A Corrigendum to this article was published on 10 December 2014


Successful mammalian cloning using somatic cell nuclear transfer (SCNT) into unfertilized, metaphase II (MII)-arrested oocytes attests to the cytoplasmic presence of reprogramming factors capable of inducing totipotency in somatic cell nuclei1,2,3. However, these poorly defined maternal factors presumably decline sharply after fertilization, as the cytoplasm of pronuclear-stage zygotes is reportedly inactive4,5. Recent evidence suggests that zygotic cytoplasm, if maintained at metaphase, can also support derivation of embryonic stem (ES) cells after SCNT6,7,8, albeit at low efficiency.
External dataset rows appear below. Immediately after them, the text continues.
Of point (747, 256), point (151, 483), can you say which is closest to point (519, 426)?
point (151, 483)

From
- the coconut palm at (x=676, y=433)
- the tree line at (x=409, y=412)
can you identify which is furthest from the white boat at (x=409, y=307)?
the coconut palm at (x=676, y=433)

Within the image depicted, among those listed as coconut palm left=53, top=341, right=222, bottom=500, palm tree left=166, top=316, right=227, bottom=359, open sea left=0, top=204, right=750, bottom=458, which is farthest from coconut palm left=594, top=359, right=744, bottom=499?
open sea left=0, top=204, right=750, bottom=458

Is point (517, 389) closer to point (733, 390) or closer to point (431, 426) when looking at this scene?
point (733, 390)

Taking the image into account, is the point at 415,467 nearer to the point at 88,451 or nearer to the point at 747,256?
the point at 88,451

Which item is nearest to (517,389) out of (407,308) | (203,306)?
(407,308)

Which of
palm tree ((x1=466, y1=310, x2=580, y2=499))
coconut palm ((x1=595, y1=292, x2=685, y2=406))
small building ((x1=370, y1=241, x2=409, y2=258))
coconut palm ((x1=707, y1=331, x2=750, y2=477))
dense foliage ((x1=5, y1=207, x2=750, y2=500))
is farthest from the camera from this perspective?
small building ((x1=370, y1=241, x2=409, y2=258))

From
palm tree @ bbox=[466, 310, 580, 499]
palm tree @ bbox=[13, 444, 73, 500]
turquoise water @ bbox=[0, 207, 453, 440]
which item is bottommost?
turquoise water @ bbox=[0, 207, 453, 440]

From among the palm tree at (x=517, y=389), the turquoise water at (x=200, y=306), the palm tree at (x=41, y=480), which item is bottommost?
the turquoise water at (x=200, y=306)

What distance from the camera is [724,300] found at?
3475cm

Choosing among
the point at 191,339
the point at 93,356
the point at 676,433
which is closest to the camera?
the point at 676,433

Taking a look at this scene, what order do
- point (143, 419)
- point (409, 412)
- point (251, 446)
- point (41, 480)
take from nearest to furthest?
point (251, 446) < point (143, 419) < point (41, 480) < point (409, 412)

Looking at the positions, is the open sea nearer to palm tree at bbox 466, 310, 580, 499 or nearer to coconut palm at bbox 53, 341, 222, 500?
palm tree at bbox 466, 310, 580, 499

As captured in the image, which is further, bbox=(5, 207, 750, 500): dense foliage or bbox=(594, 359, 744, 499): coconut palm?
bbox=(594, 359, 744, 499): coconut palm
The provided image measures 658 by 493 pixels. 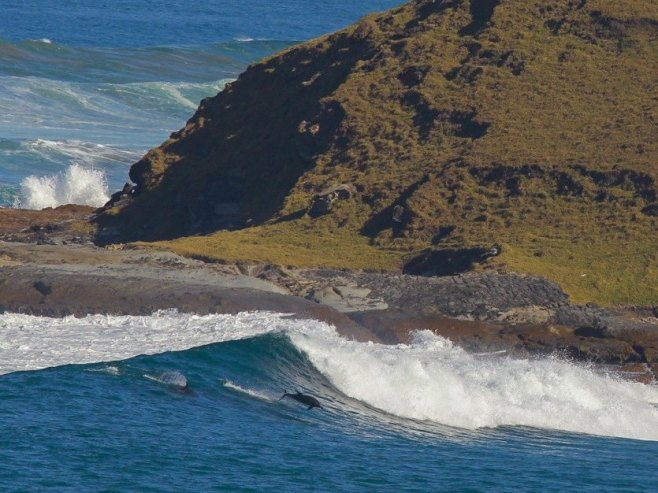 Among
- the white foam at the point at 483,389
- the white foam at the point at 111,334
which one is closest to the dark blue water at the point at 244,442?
the white foam at the point at 483,389

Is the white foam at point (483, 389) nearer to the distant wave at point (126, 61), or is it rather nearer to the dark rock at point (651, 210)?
the dark rock at point (651, 210)

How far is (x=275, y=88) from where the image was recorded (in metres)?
52.6

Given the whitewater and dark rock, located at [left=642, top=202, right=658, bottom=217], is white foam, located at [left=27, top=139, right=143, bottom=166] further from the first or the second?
the whitewater

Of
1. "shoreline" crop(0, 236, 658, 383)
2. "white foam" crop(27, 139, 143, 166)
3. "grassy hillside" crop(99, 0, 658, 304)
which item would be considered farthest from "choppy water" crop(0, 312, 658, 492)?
"white foam" crop(27, 139, 143, 166)

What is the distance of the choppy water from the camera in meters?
27.5

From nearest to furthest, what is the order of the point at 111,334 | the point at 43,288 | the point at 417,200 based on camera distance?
the point at 111,334
the point at 43,288
the point at 417,200

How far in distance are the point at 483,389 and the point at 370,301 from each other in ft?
17.4

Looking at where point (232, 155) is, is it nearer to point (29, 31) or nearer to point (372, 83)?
point (372, 83)

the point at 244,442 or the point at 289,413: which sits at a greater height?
the point at 244,442

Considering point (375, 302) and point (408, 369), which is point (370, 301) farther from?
point (408, 369)

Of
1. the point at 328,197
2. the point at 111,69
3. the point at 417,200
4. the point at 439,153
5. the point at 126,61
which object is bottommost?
the point at 328,197

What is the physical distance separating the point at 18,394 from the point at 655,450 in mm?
11634

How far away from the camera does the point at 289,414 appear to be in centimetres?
3225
This led to the conclusion that critical oocyte reprogramming factors present in the metaphase but not in the interphase cytoplasm are ‘trapped’ inside the nucleus during interphase and effectively removed during enucleation9. Here we investigated the presence of reprogramming activity in the cytoplasm of interphase two-cell mouse embryos (I2C). First, the presence of candidate reprogramming factors was documented in both intact and enucleated metaphase and interphase zygotes and two-cell embryos. Consequently, enucleation did not provide a likely explanation for the inability of interphase cytoplasm to induce reprogramming. Second, when we carefully synchronized the cell cycle stage between the transplanted nucleus (ES cell, fetal fibroblast or terminally differentiated cumulus cell) and the recipient I2C cytoplasm, the reconstructed SCNT embryos developed into blastocysts and ES cells capable of contributing to traditional germline and tetraploid chimaeras. Last, direct transfer of cloned embryos, reconstructed with ES cell nuclei, into recipients resulted in live offspring. Thus, the cytoplasm of I2C supports efficient reprogramming, with cell cycle synchronization between the donor nucleus and recipient cytoplasm as the most critical parameter determining success. The ability to use interphase cytoplasm in SCNT could aid efforts to generate autologous human ES cells for regenerative applications, as donated or discarded embryos are more accessible than unfertilized MII oocytes.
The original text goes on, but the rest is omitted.